** Records supplied follows **

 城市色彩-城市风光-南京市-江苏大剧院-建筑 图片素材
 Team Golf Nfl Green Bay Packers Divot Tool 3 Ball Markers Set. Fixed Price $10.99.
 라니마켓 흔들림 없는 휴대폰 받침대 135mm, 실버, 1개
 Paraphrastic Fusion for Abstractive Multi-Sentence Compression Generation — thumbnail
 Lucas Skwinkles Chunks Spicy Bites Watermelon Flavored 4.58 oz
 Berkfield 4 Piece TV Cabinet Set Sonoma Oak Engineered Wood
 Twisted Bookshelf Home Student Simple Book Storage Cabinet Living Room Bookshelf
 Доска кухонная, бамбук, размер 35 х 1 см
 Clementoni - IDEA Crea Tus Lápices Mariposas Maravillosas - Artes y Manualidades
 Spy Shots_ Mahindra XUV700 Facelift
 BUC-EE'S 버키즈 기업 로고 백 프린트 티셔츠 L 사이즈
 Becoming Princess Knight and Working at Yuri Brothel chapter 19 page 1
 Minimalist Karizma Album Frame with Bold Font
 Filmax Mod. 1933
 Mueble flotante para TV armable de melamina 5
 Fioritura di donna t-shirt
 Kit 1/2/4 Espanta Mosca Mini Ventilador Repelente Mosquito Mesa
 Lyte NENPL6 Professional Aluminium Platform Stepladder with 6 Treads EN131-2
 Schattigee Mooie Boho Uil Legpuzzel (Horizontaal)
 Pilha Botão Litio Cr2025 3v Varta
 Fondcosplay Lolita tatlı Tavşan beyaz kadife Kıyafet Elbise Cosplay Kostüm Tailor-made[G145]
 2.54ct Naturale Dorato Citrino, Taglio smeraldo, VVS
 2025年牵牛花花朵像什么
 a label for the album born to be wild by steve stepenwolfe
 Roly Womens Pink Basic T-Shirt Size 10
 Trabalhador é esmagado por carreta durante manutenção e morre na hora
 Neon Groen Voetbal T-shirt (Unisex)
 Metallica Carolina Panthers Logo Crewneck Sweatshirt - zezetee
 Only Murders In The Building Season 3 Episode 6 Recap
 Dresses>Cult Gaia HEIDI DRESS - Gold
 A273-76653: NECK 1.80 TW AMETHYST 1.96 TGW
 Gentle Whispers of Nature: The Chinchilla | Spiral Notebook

** End of Records supplied **

Action item:
Write out exactly the lines above between the line with "Доска кухонная, бамбук, размер 35 х 1 см" and the line with "Kit 1/2/4 Espanta", inclusive, and nothing beyond them.

Expected answer:
 Доска кухонная, бамбук, размер 35 х 1 см
 Clementoni - IDEA Crea Tus Lápices Mariposas Maravillosas - Artes y Manualidades
 Spy Shots_ Mahindra XUV700 Facelift
 BUC-EE'S 버키즈 기업 로고 백 프린트 티셔츠 L 사이즈
 Becoming Princess Knight and Working at Yuri Brothel chapter 19 page 1
 Minimalist Karizma Album Frame with Bold Font
 Filmax Mod. 1933
 Mueble flotante para TV armable de melamina 5
 Fioritura di donna t-shirt
 Kit 1/2/4 Espanta Mosca Mini Ventilador Repelente Mosquito Mesa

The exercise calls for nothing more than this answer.